CAP Theorem – Explained – Amplify Engineering

Many years ago in a relational database world, increasing the scalability and performance of a software system was fairly simple

Modify your application/SQL to run more efficiently – Performance tuning.
Increase your hardware resources. Scaling up means bigger machines, more processors, disk storage and memory. This gets expensive and there are some real limits on how high we can go.

But with ever increasing internet-scale data and the applications’ need for fast querying and fast analytics, the relational databases have quickly hit their upper limit. In such cases it is no longer acceptable to run a single server with a single database. The alternative is to use lots of small machines in a cluster. This is the basis for the NoSQL movement.

There are many advantages of running a NoSQL database in a cluster.

It’s cheaper, since we can use commodity hardware.
It’s more resilient, even if individual machines fail, the cluster can keep going providing high reliability.
They are mostly open-source. So no need for expensive licenses with big corporations.
They are schema-Less which enables rapid development and more flexibility.

However, like any other solution it comes with some trade-offs. Eric Brewer defines these trade-offs in what is called CAP Theorem.

Every distributed system has 3 main attributes :-

Consistency (C) – All nodes in the cluster see the same data at the same time

Availability (A) – Every request to the cluster gets a response, even if individual nodes in the cluster are broken

Partition Tolerance (P) – The cluster continues to work despite any network failure that divides the cluster into multiple partitions.

What exactly is Partition Tolerance ?

Look at the diagram below

We have many nodes that store data distributed across the world. Literally speaking these nodes are computers connected using networks. Any communication breakages in networks can and do happen. In this example, by just having two failures in the network, our cluster gets divided into two partitions unable to communicate with each other.

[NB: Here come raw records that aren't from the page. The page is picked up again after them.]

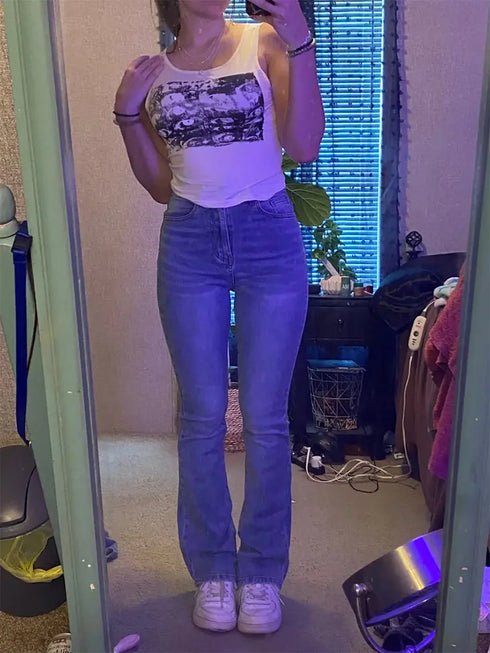 Women’s Vintage Flare Stretch Jeans - Classic High Waist Bell Bottom Denim Pants for All Season Y2K Punk Style, Perfect for Fall Outfits and Homecoming Jeans Ideas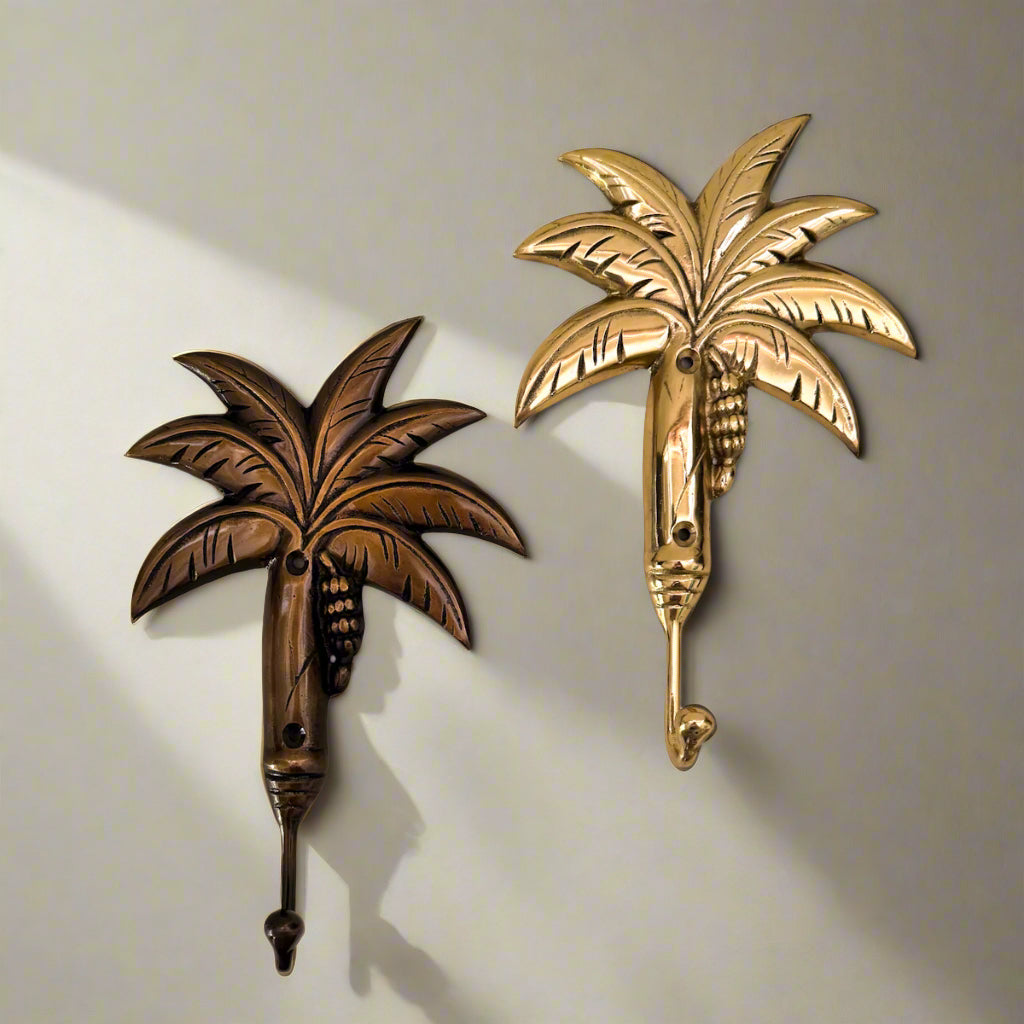 Banana Palm Tree Brass Hooks in Antique and Gold by Ocean Luxe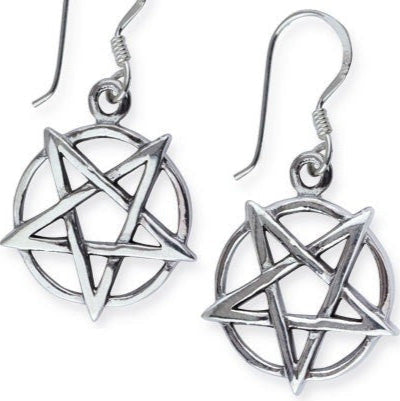 STERLING SILVER EARRINGS PENTAGRAM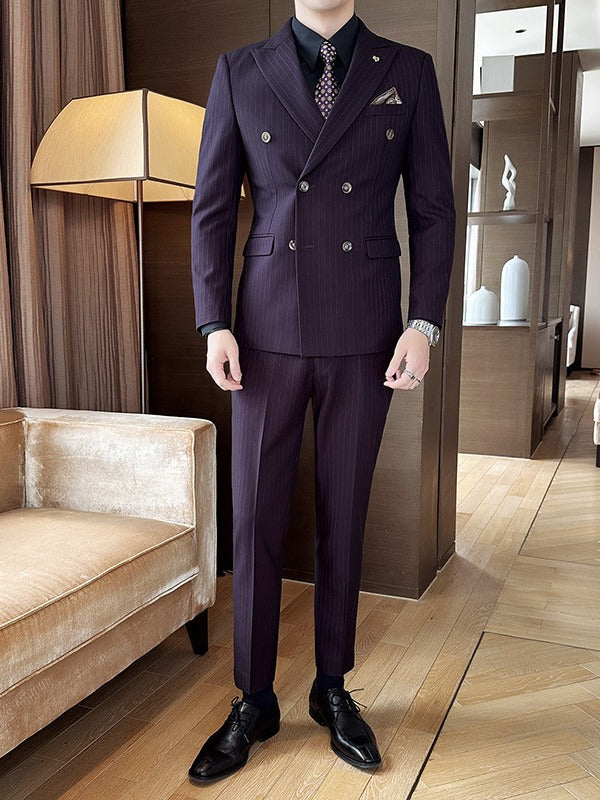 Men's 3-Piece Slim Fit Striped Suit – Jacket, Waistcoat & Trousers Set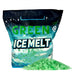 Green Ice Melt bag with green crystal granules spilled in front, pet-safe, nature-friendly, rated to -25 degrees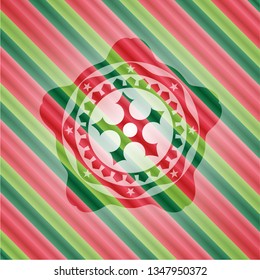 ninja star icon inside christmas emblem.
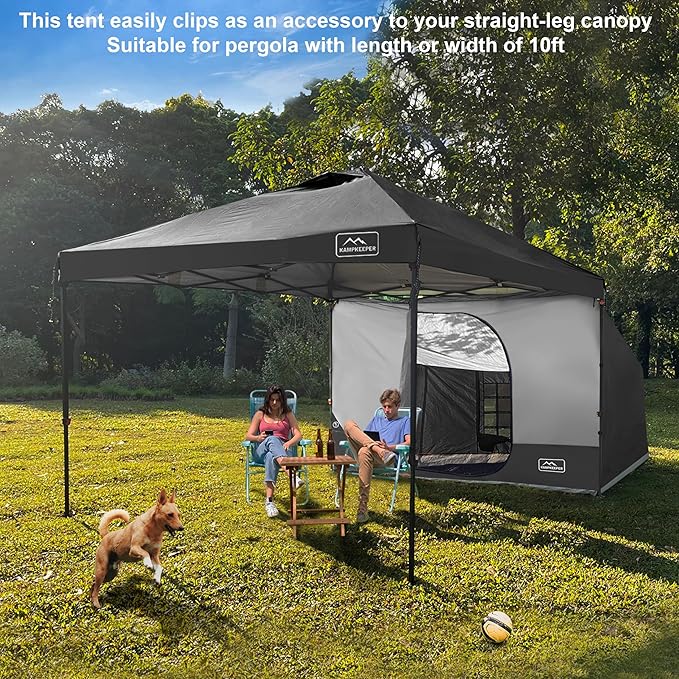 KAMPKEEPER Side TentCamping Tent for 10' x 10' Pop Up Canopy Easy Set Up GazeboCompatible with 10' Wide Canopy Tents (Black)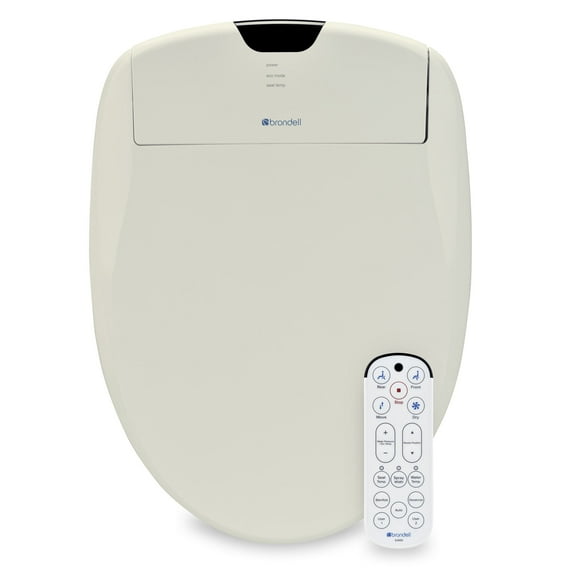 Brondell Swash 1400 Luxury Bidet Toilet Seat with Remote Control, Elongated Biscuit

Partition Tolerance is defined as the ability of a cluster to continue functioning even when there is network partition.

CAP Theorem

It states In a distributed system, given the three options of consistency, availability and partition tolerance, we can only guarantee two of them.

Lets look at it with an example.

cap

The first partition contains Node1 and Node3 and the second one contains Node2.

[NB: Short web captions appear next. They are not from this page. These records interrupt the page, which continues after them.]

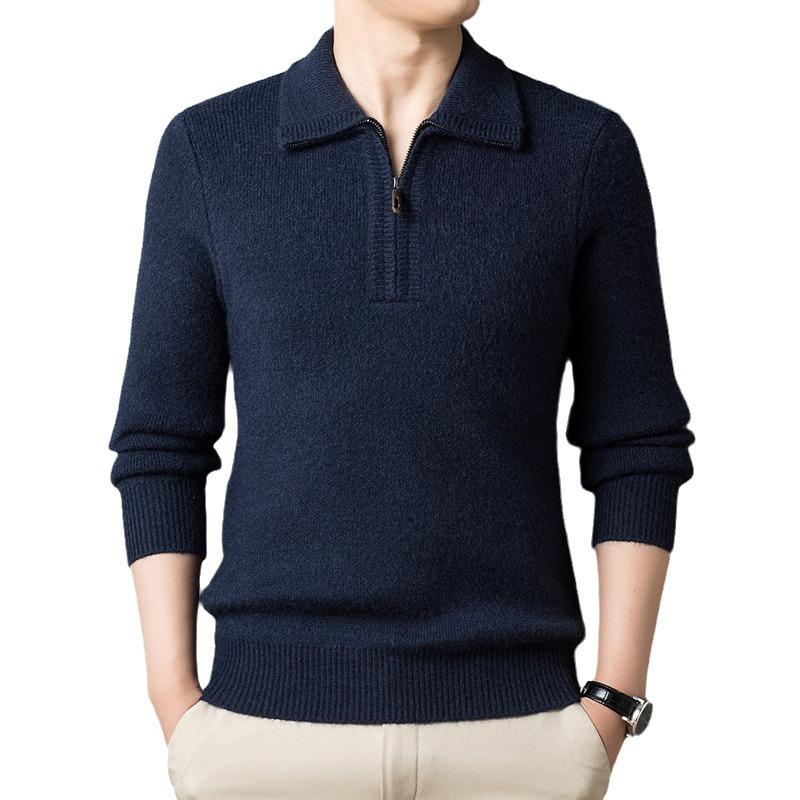 

Мужской однотонный свитер трикотажная одежда среднего возраста мода теплая внутри с полузастежкой пуловер пальто тренд новинка осень и зима 4XL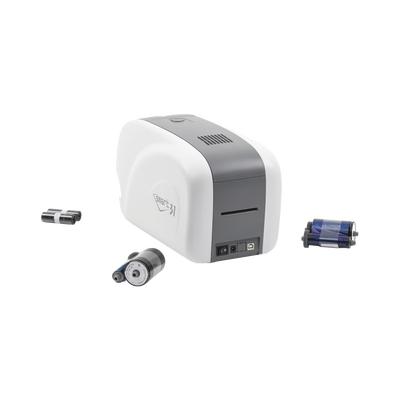 Kit Impresora de tarjetas PVC/ Una Cara /incluye: 2 x Ribbons, 100 Tarjetas PVC, Software, Kit Limpieza, Garantia 3 Años, Mascara de Seguridad UV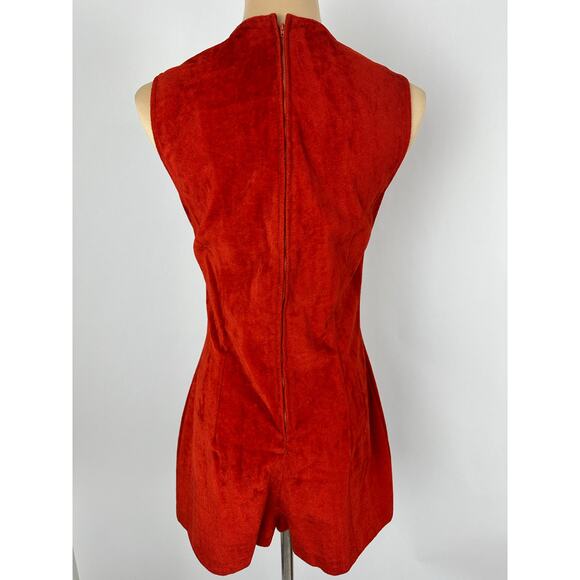 Vintage 60s Mod Go Go Red Orange Suede Romper Playsuit Size Small Medium - Picture 6 of 16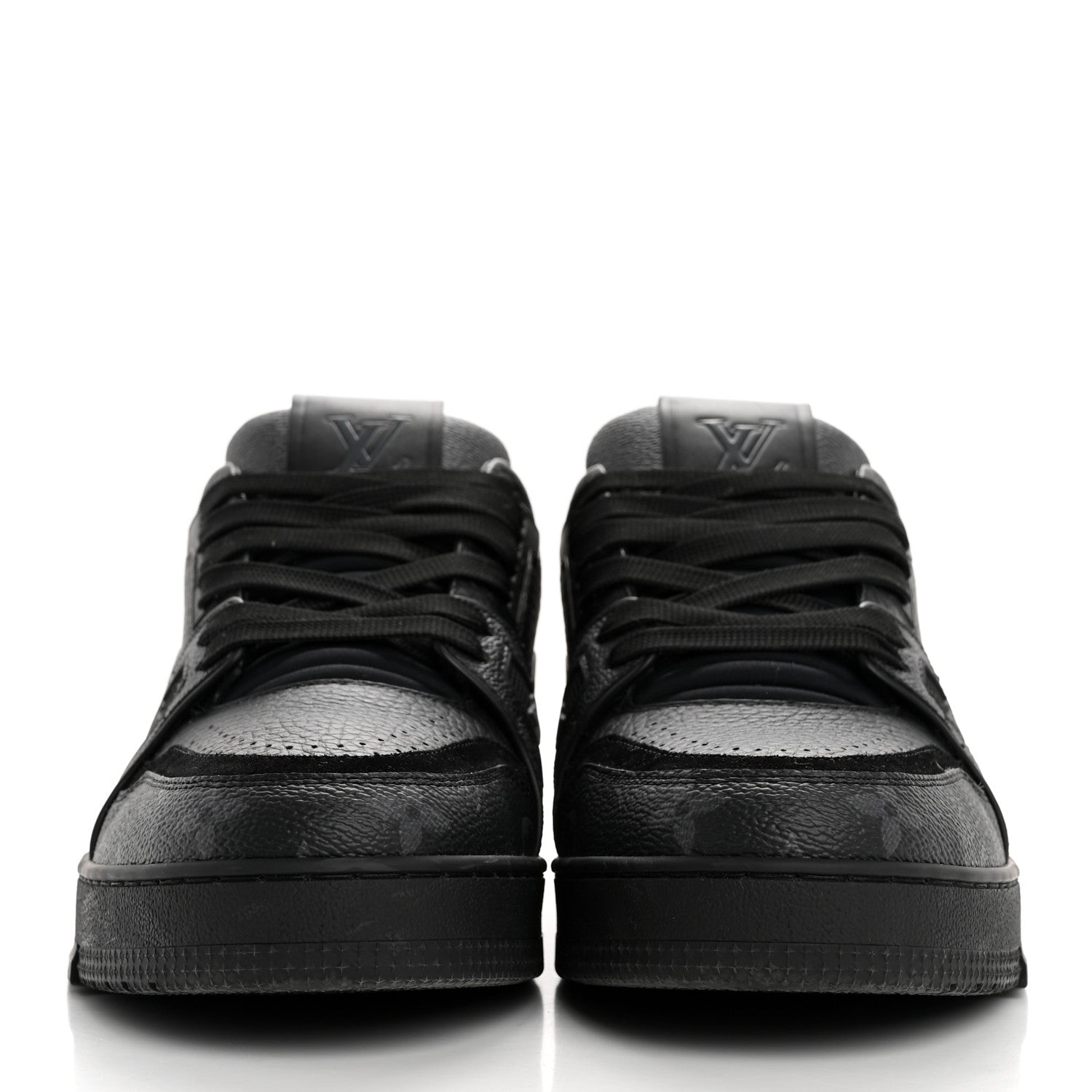 Louis Vuitton Calfskin Monogram Eclipse Mens LV Trainer Sneakers 8 Black 3 of 10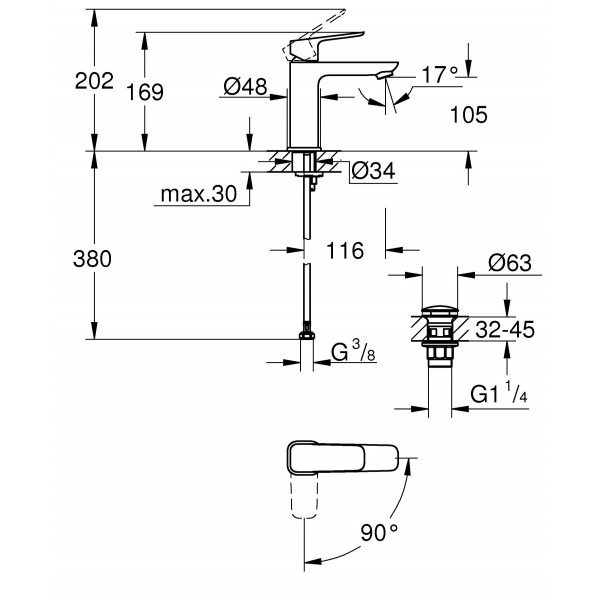 Змішувач для раковини Grohe Cubeo 1017570000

In this scenario, Node2 is not receiving any updates written to Node1 and Node3. Similarly Node1 and Node3 are not receiving any updates written to Node2. In such a case we have two options.

Keep Node2 Alive – This will make sure all nodes are available, but they will not be consistent. The nodes are available and partition tolerant but not consistent. We are sacrificing consistency for achieving more availability.
Kill Node2 – If we shutdown node2, there will be only 2 nodes (node1 and node3) which are both consistent. In this case we have sacrificed some availability to achieve consistency.

Practically speaking what CAP theorem states is that, In a system that may suffer partitions, you have to trade-off consistency vs availability. Also this isn’t a binary decision, as seen in the Kill Node2 example above. We can sacrifice a little availability for consistency.